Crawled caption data
□ □ □
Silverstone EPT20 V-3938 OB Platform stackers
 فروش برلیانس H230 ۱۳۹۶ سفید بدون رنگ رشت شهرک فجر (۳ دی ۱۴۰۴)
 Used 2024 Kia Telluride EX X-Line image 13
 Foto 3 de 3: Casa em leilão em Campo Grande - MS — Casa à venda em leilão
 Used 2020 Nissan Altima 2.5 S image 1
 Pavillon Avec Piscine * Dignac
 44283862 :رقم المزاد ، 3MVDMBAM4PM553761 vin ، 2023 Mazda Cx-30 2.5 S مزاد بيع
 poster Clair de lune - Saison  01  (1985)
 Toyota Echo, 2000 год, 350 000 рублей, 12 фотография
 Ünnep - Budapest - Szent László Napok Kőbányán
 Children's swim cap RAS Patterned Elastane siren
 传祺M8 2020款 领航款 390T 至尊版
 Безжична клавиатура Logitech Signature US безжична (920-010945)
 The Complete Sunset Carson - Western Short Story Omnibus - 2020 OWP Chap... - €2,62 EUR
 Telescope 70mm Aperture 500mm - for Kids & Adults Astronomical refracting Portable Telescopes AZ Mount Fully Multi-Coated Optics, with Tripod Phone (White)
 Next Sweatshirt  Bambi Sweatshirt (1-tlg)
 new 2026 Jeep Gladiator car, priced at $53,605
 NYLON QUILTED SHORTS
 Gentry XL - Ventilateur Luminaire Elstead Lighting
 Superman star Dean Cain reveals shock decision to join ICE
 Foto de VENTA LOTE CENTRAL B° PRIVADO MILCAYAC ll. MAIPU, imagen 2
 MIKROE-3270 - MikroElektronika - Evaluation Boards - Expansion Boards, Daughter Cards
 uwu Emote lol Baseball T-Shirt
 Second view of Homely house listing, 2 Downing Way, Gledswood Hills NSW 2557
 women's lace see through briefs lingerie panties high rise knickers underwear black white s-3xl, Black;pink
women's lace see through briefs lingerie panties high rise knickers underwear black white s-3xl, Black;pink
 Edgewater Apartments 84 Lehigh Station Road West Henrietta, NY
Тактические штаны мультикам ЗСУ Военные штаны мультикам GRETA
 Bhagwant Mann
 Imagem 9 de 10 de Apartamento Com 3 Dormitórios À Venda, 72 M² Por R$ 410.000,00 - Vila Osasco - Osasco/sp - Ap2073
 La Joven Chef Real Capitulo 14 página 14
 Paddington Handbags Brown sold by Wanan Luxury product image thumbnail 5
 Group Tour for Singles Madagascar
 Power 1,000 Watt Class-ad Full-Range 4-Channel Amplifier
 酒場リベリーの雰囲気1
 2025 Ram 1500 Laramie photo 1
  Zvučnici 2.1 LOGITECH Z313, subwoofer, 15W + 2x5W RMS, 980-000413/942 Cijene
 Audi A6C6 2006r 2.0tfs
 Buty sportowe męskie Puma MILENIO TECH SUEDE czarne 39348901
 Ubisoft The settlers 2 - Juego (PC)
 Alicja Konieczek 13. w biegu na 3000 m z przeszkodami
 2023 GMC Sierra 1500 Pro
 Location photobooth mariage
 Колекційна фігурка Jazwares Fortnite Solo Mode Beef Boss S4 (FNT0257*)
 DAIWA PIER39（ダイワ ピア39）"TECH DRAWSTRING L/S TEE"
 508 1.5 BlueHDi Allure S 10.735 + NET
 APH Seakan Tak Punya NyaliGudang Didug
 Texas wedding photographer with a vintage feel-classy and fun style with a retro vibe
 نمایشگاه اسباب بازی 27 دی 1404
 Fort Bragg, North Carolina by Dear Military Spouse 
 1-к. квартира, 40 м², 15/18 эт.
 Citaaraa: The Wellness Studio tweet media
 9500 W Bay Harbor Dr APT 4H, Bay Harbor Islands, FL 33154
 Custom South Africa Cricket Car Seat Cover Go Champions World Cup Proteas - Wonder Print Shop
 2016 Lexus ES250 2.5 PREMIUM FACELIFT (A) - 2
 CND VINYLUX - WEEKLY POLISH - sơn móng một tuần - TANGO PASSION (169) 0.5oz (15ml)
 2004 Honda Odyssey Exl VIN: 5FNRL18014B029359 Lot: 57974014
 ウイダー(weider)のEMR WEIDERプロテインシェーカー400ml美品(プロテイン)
□ □ □
WHAT YOU WILL DO.
If a line of the data contains "lingerie", copy it out.

SOLUTION.
 women's lace see through briefs lingerie panties high rise knickers underwear black white s-3xl, Black;pink
women's lace see through briefs lingerie panties high rise knickers underwear black white s-3xl, Black;pink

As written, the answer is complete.